What this task involves: Nothing outside the stretch is wanted. Repeat exactly the lines of the listing below from the one that contains "mapa Mała Wieś" through the one that contains "monday wildcat way reviewing grades making", both ends included.

Top of Input for this task

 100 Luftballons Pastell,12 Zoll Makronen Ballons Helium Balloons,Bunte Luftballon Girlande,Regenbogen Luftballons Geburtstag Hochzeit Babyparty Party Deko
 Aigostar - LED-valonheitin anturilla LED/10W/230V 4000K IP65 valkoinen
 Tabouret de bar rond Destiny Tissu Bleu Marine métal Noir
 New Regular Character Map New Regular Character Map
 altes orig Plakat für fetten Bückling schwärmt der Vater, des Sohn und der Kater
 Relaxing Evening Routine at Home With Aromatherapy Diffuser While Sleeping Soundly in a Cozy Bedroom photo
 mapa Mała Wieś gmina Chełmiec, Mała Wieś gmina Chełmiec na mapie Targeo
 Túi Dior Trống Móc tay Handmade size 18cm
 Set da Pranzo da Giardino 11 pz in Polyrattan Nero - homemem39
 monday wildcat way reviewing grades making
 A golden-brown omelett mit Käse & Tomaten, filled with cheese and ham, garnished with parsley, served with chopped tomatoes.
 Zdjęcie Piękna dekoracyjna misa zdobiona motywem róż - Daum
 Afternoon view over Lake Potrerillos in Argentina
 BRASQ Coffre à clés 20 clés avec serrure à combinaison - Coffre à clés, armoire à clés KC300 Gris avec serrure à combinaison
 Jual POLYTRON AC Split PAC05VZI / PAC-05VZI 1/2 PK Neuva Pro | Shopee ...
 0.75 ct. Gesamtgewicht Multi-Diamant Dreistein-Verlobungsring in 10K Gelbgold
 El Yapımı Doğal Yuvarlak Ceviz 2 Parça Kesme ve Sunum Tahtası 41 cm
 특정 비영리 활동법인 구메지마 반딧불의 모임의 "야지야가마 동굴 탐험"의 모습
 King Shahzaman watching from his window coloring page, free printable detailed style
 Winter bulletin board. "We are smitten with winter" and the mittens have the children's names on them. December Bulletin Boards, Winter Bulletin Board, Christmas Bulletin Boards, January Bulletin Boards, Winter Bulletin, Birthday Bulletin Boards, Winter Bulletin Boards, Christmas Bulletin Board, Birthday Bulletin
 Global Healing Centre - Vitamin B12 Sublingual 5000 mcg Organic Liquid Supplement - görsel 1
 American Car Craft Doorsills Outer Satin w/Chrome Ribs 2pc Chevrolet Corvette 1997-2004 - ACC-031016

Bottom of Input for this task

Exercise response:
 mapa Mała Wieś gmina Chełmiec, Mała Wieś gmina Chełmiec na mapie Targeo
 Túi Dior Trống Móc tay Handmade size 18cm
 Set da Pranzo da Giardino 11 pz in Polyrattan Nero - homemem39
 monday wildcat way reviewing grades making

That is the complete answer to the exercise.